The release timing listed as 2021 / 09 helps place it in context. A handheld can be exciting because it is current, but it can also be relevant because it still makes sense at today's street price.
RG-351MP is described with battery: 3500 mAh and cooling: Heatsink Metal case passive. Those are not background details; they shape noise, comfort, endurance, and whether the device feels eager to be used or mildly exhausting to keep fed. Audio is covered by Dual Stereo Bottom facing and 3.5mm Headphone, which matters for sofa play, travel, and late-night sessions when speakers and headphone output can quietly make or break the experience.
Physically, the device is outlined by 145 mm x 73 mm x 18 mm, 271.0, Metal (Aluminum), and Ocean Blue, Matte Black, Mint Green. This is where you start picturing whether it is truly pocketable, only jacket-safe, or clearly a bag companion. A handheld is only as portable as the friction it introduces. Too heavy, too hot, too awkward, and even strong specs start feeling theoretical.
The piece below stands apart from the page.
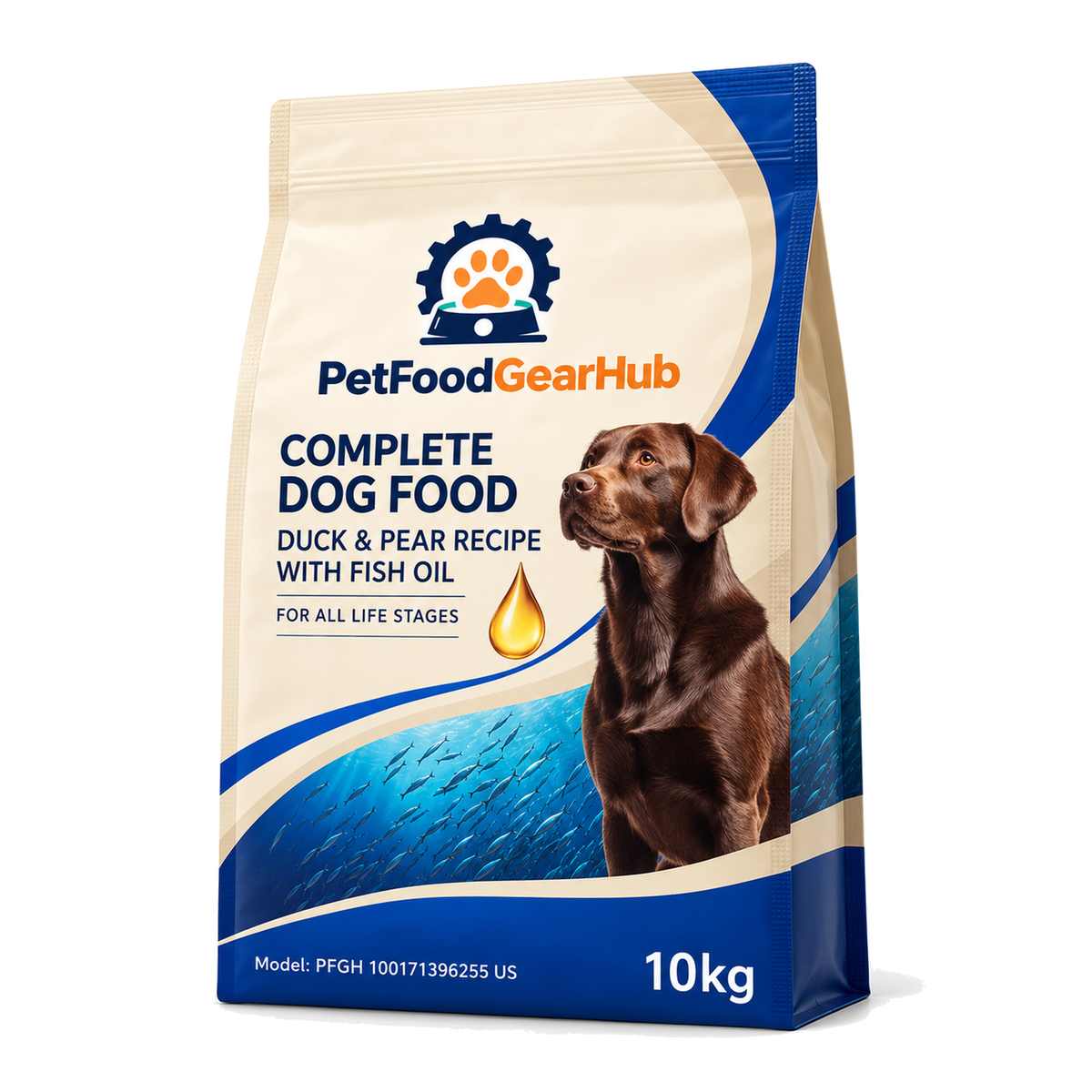 PetFoodGearHub Duck & Pear Dog Food with Fish Oil, 10 kg - PetFoodGearHub product image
The practical I/O story includes Dual External MicroSD, USB-C OTG, 5 GHz WiFi support with USB dongle, and USB-C x2. These details matter because many retro buyers are also collectors, tinkerers, dock-and-TV players, or people with large libraries that need sensible storage and transfer options.
RG-351MP leaves the strongest impression when you frame it as a recommendation for players who want a balanced handheld that can stretch beyond the basics. That framing keeps the review honest and stops the verdict from sliding into generic praise.
Broad emulation range is not just a catchy label here. It is the cleanest shorthand for why this device deserves attention. The compatibility profile around Game Boy (A), NES (A), Sega Genesis (A), and Game Boy Advance (A) gives it a concrete identity. The main caution remains no internal wifi, reported issues of sound distortion over half volume (only on stock os).
If the device sparks your interest, the smartest next click is usually RG-351M, followed by RG-351P, because that is where the shape of the market around it comes into focus. That is what a good review should do: not close the conversation, but sharpen the next choice.
Games shown here match systems this handheld can run at a B grade or better.